▸ Work instruction
Exactly the lines from the opening of the records through the line containing "Frau geht auf" should be copied, with both included.

Extracted data entries:
▽
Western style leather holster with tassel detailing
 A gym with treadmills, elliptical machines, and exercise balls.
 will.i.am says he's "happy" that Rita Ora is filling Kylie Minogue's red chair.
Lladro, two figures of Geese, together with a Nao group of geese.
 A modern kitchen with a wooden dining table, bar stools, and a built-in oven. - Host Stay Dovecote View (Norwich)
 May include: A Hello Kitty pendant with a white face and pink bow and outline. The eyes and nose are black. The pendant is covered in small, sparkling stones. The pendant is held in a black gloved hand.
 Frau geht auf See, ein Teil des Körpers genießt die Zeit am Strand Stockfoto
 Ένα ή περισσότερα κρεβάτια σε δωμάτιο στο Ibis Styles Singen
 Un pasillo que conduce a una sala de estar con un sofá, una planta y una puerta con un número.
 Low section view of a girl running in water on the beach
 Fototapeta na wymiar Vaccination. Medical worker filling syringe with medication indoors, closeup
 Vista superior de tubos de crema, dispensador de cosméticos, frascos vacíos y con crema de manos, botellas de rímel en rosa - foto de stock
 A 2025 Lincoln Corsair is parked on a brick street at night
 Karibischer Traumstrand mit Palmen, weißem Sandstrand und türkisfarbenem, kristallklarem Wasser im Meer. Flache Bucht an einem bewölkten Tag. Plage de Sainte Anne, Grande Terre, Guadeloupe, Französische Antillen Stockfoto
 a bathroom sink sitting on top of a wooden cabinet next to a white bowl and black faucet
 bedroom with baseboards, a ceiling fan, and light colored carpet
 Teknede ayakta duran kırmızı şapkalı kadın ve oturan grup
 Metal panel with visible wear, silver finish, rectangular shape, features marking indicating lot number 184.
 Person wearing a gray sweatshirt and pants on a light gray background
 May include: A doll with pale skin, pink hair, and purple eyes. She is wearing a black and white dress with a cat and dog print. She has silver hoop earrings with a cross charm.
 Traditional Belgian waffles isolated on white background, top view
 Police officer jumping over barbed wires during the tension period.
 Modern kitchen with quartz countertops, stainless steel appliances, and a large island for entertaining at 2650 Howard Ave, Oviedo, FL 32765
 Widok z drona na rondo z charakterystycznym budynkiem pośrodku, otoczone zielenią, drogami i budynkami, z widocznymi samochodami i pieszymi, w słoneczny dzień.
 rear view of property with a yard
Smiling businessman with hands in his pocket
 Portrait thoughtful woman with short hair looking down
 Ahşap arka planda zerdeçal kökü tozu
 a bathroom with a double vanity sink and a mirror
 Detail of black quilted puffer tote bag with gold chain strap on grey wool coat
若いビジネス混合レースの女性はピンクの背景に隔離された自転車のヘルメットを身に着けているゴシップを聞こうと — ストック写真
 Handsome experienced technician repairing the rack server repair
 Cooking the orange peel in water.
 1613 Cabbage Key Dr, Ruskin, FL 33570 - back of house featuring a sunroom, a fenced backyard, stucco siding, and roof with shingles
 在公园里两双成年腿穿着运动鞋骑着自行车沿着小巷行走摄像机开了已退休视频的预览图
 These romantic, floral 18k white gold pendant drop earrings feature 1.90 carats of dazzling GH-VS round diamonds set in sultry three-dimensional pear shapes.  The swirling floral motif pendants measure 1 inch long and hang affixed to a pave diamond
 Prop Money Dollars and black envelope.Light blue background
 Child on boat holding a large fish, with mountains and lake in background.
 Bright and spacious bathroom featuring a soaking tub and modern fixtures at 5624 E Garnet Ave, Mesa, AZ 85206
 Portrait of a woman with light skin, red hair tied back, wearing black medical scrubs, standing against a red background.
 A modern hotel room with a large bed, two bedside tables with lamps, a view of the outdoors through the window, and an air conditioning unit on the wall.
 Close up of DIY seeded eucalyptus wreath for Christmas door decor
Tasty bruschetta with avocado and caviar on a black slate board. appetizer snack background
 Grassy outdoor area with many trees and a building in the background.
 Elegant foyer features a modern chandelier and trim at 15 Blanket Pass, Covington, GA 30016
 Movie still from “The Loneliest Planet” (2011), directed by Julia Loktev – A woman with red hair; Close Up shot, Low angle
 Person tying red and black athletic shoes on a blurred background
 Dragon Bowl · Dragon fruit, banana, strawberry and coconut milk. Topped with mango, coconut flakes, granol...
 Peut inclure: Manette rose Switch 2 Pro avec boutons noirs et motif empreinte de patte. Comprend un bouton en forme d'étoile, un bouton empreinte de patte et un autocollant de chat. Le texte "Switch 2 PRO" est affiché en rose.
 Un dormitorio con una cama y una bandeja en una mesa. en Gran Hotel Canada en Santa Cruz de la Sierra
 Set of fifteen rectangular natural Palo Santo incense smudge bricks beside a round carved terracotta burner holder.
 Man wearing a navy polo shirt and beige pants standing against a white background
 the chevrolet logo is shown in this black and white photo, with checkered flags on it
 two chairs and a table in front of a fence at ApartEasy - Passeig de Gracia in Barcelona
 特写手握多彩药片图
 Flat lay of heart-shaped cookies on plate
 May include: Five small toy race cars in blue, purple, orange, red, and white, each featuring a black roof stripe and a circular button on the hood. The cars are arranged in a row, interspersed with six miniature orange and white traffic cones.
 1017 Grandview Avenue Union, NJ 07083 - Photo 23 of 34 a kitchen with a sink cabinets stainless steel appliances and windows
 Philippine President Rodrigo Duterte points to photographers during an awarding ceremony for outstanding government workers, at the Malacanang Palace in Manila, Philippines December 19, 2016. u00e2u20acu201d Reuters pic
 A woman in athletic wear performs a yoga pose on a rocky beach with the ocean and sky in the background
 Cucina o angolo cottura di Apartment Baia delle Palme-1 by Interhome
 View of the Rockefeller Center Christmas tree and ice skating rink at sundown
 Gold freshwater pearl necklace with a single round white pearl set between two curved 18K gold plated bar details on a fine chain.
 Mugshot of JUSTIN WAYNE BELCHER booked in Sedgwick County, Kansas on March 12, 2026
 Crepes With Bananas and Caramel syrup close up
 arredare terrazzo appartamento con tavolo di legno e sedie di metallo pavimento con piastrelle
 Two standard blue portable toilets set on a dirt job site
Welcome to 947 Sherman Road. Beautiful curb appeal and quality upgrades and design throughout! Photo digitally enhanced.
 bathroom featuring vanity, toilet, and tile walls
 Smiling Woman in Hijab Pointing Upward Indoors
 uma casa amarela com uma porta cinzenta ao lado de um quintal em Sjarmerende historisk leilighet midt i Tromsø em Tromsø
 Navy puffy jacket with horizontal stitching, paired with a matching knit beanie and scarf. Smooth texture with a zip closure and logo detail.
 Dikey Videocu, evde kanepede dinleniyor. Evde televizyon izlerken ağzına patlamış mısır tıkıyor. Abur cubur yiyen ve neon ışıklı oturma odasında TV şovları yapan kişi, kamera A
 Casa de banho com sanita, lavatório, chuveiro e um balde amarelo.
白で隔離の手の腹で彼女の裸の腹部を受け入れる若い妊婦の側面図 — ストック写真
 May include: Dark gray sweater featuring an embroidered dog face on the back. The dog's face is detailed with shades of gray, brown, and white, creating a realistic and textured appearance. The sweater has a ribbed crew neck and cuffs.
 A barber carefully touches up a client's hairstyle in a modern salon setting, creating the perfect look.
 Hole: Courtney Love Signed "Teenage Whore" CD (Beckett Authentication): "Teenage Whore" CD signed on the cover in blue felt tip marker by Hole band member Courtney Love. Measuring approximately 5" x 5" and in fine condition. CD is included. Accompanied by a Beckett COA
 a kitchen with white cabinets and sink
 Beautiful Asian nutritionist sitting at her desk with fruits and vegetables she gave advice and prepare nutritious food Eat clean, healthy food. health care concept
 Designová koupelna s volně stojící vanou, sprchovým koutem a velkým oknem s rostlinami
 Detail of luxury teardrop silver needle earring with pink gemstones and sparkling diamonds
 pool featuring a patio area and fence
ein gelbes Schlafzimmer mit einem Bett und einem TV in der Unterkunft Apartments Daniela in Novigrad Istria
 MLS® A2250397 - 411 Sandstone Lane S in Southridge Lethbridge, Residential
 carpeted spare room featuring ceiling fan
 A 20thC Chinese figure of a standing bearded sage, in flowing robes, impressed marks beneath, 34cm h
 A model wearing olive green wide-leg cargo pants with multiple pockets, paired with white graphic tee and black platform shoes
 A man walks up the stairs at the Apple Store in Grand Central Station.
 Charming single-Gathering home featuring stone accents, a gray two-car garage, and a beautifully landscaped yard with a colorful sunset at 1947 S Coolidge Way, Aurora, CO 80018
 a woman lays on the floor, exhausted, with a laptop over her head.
△
▸ Task output
Western style leather holster with tassel detailing
 A gym with treadmills, elliptical machines, and exercise balls.
 will.i.am says he's "happy" that Rita Ora is filling Kylie Minogue's red chair.
Lladro, two figures of Geese, together with a Nao group of geese.
 A modern kitchen with a wooden dining table, bar stools, and a built-in oven. - Host Stay Dovecote View (Norwich)
 May include: A Hello Kitty pendant with a white face and pink bow and outline. The eyes and nose are black. The pendant is covered in small, sparkling stones. The pendant is held in a black gloved hand.
 Frau geht auf See, ein Teil des Körpers genießt die Zeit am Strand Stockfoto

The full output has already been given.